Critics have countered that because most homicides are situational – often involving an interpersonal dispute that escalates rather than someone intentionally setting out to kill – metrics such as recidivism and repeat offenses on supervision can’t predict homicides.
A rise in Colorado’s aggravated assaults involving guns has concerning implications for homicides, an analyst for the state’s Office of Research and Statistics in the Department of Public Safety, Jack Reed, previously told The Denver Gazette. The difference between aggravated assault – which includes non-fatal shootings – and homicide is usually pure luck of where the bullet hits, he said.

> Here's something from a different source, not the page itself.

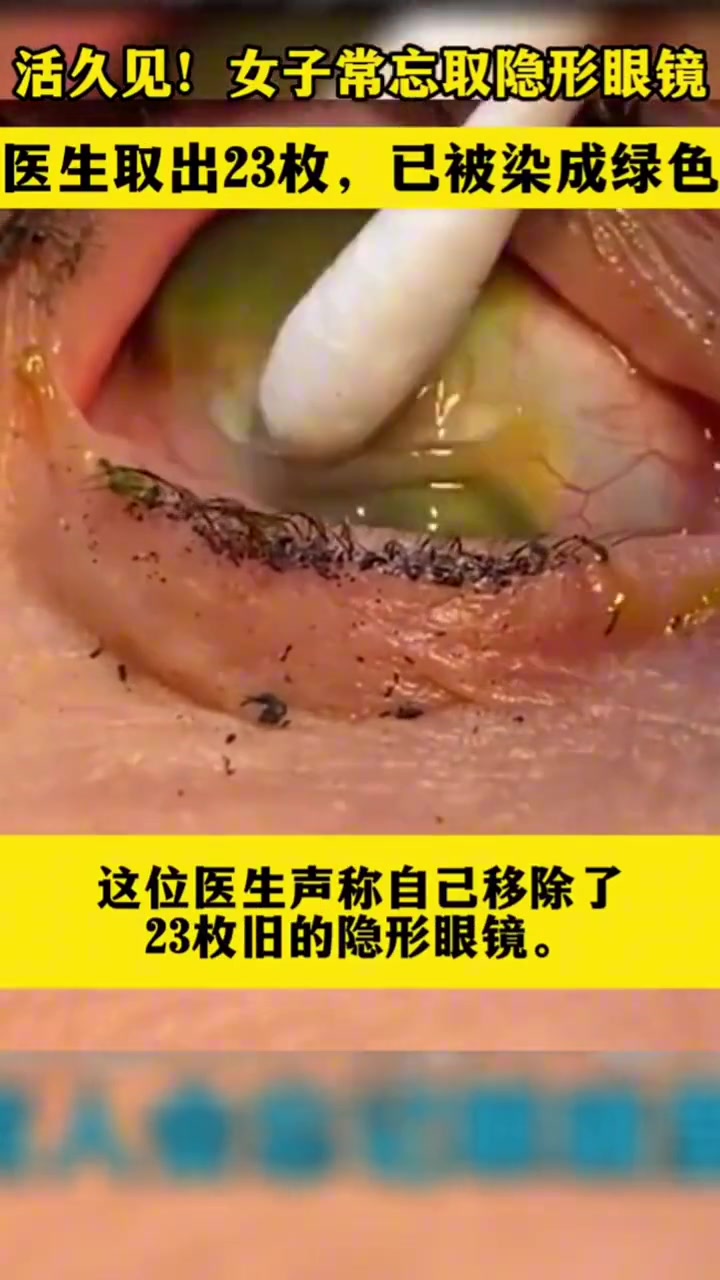 女子经常忘取隐形眼镜，医生取出23枚，已被感染成绿色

“That’s probably the one piece [of crime trends] that’s the most concerning for me,” Reed said.
During the forum, Pazen also said police need to “do better” with community relationship building to prevent crime and to continue to develop programs meant to prevent situations from escalating.

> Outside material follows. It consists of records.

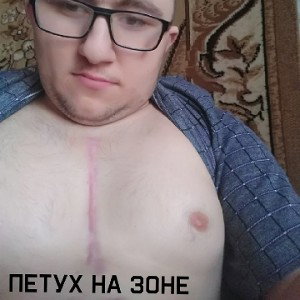 DISS (PRO$TO1) ОЧКОПОИНТ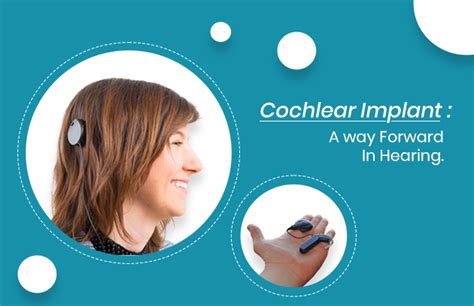 Cochlear Implant : A way Forward In Hearing. - Asha Speech and Hearing ...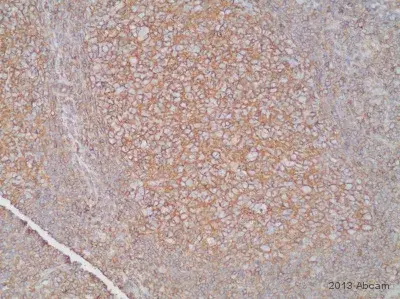 Anti-HLA A antibody [EP1395Y](AB52922)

Pazen highlighted national training programs for police focused on de-escalation. The Denver Police Department participates in Active Bystandership for Law Enforcement, a program for training police to intervene to stop harm by their fellow officers, and Integrating Communications, Assessments and Tactics. The latter is designed for situations involving people in crisis who are unarmed or armed with weapons other than guns.

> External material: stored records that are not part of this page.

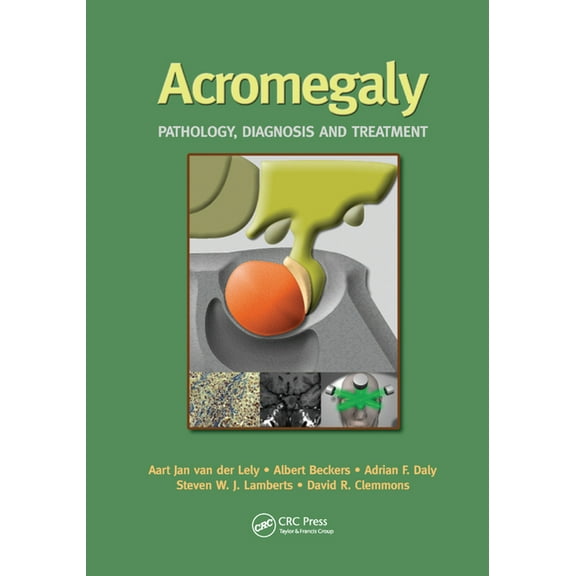 Acromegaly: Pathology, Diagnosis and Treatment, (Paperback)
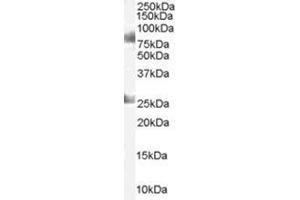 Image no. 1 for anti-Chromodomain Protein, Y-Like (CDYL) (C-Term) antibody (ABIN374294) (CDYL antibody  (C-Term))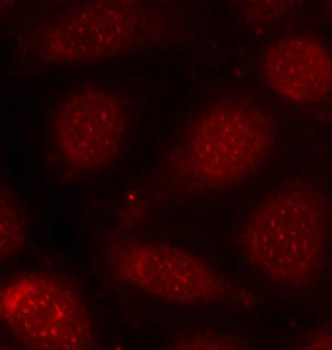 PRKCB / PKC-Beta Antibody - Immunofluorescence staining of methanol-fixed MCF7 cells.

Reforms to policing should be rooted in data and evidence of their effectiveness, Pazen said.
“There are some times that we think, ‘We want this type of training.’ And then you do an evaluation on that particular training, and you find out that that training exacerbated the problem,” he said.
“So we have to look at solutions that are rooted in evidence and data, so that way we truly can get those better outcomes and work to enhance the relationship and the trust that has been fractured not only across the country, but here locally as well,” he added.